The answer is the full set of records below, transcribed exactly.

(Crawled caption data)
┌────────

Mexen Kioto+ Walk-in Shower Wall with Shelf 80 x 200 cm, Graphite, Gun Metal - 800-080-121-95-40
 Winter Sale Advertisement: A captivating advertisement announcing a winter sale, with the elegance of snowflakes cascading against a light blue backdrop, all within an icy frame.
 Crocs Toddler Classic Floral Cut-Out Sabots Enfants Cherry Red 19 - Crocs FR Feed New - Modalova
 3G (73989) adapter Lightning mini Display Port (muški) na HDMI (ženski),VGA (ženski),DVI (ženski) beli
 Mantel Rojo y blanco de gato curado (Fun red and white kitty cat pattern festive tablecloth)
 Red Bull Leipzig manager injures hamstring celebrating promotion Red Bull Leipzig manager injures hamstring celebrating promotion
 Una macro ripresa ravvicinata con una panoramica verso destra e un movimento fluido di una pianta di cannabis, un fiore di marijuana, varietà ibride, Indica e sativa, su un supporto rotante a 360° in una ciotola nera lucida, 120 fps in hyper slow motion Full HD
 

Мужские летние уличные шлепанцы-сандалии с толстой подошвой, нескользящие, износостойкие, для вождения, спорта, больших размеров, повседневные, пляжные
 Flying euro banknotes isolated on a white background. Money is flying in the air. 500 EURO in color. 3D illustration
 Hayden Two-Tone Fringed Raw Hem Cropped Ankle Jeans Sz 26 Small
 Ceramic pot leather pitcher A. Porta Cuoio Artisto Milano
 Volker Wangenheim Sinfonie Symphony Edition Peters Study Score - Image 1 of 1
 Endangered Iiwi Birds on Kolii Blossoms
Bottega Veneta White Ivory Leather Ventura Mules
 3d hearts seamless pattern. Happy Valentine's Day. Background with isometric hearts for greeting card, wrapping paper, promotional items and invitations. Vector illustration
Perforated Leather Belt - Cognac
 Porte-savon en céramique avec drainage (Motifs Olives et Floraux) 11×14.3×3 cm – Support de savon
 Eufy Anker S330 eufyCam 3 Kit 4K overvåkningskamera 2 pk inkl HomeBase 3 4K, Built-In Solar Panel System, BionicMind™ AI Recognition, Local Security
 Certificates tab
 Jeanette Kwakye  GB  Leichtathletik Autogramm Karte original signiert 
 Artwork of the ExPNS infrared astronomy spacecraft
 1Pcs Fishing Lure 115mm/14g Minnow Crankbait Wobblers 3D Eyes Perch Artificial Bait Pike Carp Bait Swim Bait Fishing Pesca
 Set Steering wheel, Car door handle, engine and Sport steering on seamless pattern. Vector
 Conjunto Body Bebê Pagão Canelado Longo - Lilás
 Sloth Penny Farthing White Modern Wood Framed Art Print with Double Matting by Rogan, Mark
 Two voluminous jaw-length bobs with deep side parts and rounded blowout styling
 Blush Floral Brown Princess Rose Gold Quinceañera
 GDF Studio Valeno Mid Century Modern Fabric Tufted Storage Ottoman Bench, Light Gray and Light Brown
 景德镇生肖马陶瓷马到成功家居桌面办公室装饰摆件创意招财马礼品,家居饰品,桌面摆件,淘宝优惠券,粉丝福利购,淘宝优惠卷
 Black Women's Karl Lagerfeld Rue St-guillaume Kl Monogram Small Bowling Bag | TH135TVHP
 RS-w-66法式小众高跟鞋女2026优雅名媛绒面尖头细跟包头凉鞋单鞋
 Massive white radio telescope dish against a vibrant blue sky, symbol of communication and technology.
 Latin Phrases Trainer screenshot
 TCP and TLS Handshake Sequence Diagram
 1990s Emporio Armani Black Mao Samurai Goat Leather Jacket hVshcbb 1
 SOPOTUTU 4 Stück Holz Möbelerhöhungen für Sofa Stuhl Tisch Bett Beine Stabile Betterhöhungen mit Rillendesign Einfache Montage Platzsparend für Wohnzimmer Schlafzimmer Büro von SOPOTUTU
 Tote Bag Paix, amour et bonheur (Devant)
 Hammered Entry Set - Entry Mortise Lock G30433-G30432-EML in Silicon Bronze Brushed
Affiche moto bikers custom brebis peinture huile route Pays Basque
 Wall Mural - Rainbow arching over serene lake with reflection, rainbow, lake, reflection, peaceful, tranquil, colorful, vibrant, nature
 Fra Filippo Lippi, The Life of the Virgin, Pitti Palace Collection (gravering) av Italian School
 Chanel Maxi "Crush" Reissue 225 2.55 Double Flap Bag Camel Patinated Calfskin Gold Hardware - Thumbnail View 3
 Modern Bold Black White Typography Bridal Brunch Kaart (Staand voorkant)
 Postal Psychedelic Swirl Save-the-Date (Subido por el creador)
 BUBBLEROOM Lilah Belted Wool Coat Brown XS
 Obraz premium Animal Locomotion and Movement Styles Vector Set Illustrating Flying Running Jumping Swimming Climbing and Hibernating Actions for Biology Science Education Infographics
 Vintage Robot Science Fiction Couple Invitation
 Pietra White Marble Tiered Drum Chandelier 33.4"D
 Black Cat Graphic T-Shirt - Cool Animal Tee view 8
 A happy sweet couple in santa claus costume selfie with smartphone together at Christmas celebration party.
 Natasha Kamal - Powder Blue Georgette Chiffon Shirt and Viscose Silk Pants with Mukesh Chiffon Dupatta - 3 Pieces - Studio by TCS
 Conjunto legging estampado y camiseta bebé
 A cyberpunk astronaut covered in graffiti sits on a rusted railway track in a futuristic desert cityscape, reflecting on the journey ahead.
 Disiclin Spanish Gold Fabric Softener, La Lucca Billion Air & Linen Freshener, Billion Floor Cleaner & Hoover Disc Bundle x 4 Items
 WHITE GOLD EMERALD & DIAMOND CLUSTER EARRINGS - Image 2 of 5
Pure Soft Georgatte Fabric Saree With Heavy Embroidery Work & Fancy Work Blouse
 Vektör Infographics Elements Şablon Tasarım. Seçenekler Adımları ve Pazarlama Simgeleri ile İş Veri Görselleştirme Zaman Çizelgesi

└────────

**Expected answer**.
Mexen Kioto+ Walk-in Shower Wall with Shelf 80 x 200 cm, Graphite, Gun Metal - 800-080-121-95-40
 Winter Sale Advertisement: A captivating advertisement announcing a winter sale, with the elegance of snowflakes cascading against a light blue backdrop, all within an icy frame.
 Crocs Toddler Classic Floral Cut-Out Sabots Enfants Cherry Red 19 - Crocs FR Feed New - Modalova
 3G (73989) adapter Lightning mini Display Port (muški) na HDMI (ženski),VGA (ženski),DVI (ženski) beli
 Mantel Rojo y blanco de gato curado (Fun red and white kitty cat pattern festive tablecloth)
 Red Bull Leipzig manager injures hamstring celebrating promotion Red Bull Leipzig manager injures hamstring celebrating promotion
 Una macro ripresa ravvicinata con una panoramica verso destra e un movimento fluido di una pianta di cannabis, un fiore di marijuana, varietà ibride, Indica e sativa, su un supporto rotante a 360° in una ciotola nera lucida, 120 fps in hyper slow motion Full HD
 

Мужские летние уличные шлепанцы-сандалии с толстой подошвой, нескользящие, износостойкие, для вождения, спорта, больших размеров, повседневные, пляжные
 Flying euro banknotes isolated on a white background. Money is flying in the air. 500 EURO in color. 3D illustration
 Hayden Two-Tone Fringed Raw Hem Cropped Ankle Jeans Sz 26 Small
 Ceramic pot leather pitcher A. Porta Cuoio Artisto Milano
 Volker Wangenheim Sinfonie Symphony Edition Peters Study Score - Image 1 of 1
 Endangered Iiwi Birds on Kolii Blossoms
Bottega Veneta White Ivory Leather Ventura Mules
 3d hearts seamless pattern. Happy Valentine's Day. Background with isometric hearts for greeting card, wrapping paper, promotional items and invitations. Vector illustration
Perforated Leather Belt - Cognac
 Porte-savon en céramique avec drainage (Motifs Olives et Floraux) 11×14.3×3 cm – Support de savon
 Eufy Anker S330 eufyCam 3 Kit 4K overvåkningskamera 2 pk inkl HomeBase 3 4K, Built-In Solar Panel System, BionicMind™ AI Recognition, Local Security
 Certificates tab
 Jeanette Kwakye  GB  Leichtathletik Autogramm Karte original signiert 
 Artwork of the ExPNS infrared astronomy spacecraft
 1Pcs Fishing Lure 115mm/14g Minnow Crankbait Wobblers 3D Eyes Perch Artificial Bait Pike Carp Bait Swim Bait Fishing Pesca
 Set Steering wheel, Car door handle, engine and Sport steering on seamless pattern. Vector
 Conjunto Body Bebê Pagão Canelado Longo - Lilás
 Sloth Penny Farthing White Modern Wood Framed Art Print with Double Matting by Rogan, Mark
 Two voluminous jaw-length bobs with deep side parts and rounded blowout styling
 Blush Floral Brown Princess Rose Gold Quinceañera
 GDF Studio Valeno Mid Century Modern Fabric Tufted Storage Ottoman Bench, Light Gray and Light Brown
 景德镇生肖马陶瓷马到成功家居桌面办公室装饰摆件创意招财马礼品,家居饰品,桌面摆件,淘宝优惠券,粉丝福利购,淘宝优惠卷
 Black Women's Karl Lagerfeld Rue St-guillaume Kl Monogram Small Bowling Bag | TH135TVHP
 RS-w-66法式小众高跟鞋女2026优雅名媛绒面尖头细跟包头凉鞋单鞋
 Massive white radio telescope dish against a vibrant blue sky, symbol of communication and technology.
 Latin Phrases Trainer screenshot
 TCP and TLS Handshake Sequence Diagram
 1990s Emporio Armani Black Mao Samurai Goat Leather Jacket hVshcbb 1
 SOPOTUTU 4 Stück Holz Möbelerhöhungen für Sofa Stuhl Tisch Bett Beine Stabile Betterhöhungen mit Rillendesign Einfache Montage Platzsparend für Wohnzimmer Schlafzimmer Büro von SOPOTUTU
 Tote Bag Paix, amour et bonheur (Devant)
 Hammered Entry Set - Entry Mortise Lock G30433-G30432-EML in Silicon Bronze Brushed
Affiche moto bikers custom brebis peinture huile route Pays Basque
 Wall Mural - Rainbow arching over serene lake with reflection, rainbow, lake, reflection, peaceful, tranquil, colorful, vibrant, nature
 Fra Filippo Lippi, The Life of the Virgin, Pitti Palace Collection (gravering) av Italian School
 Chanel Maxi "Crush" Reissue 225 2.55 Double Flap Bag Camel Patinated Calfskin Gold Hardware - Thumbnail View 3
 Modern Bold Black White Typography Bridal Brunch Kaart (Staand voorkant)
 Postal Psychedelic Swirl Save-the-Date (Subido por el creador)
 BUBBLEROOM Lilah Belted Wool Coat Brown XS
 Obraz premium Animal Locomotion and Movement Styles Vector Set Illustrating Flying Running Jumping Swimming Climbing and Hibernating Actions for Biology Science Education Infographics
 Vintage Robot Science Fiction Couple Invitation
 Pietra White Marble Tiered Drum Chandelier 33.4"D
 Black Cat Graphic T-Shirt - Cool Animal Tee view 8
 A happy sweet couple in santa claus costume selfie with smartphone together at Christmas celebration party.
 Natasha Kamal - Powder Blue Georgette Chiffon Shirt and Viscose Silk Pants with Mukesh Chiffon Dupatta - 3 Pieces - Studio by TCS
 Conjunto legging estampado y camiseta bebé
 A cyberpunk astronaut covered in graffiti sits on a rusted railway track in a futuristic desert cityscape, reflecting on the journey ahead.
 Disiclin Spanish Gold Fabric Softener, La Lucca Billion Air & Linen Freshener, Billion Floor Cleaner & Hoover Disc Bundle x 4 Items
 WHITE GOLD EMERALD & DIAMOND CLUSTER EARRINGS - Image 2 of 5
Pure Soft Georgatte Fabric Saree With Heavy Embroidery Work & Fancy Work Blouse
 Vektör Infographics Elements Şablon Tasarım. Seçenekler Adımları ve Pazarlama Simgeleri ile İş Veri Görselleştirme Zaman Çizelgesi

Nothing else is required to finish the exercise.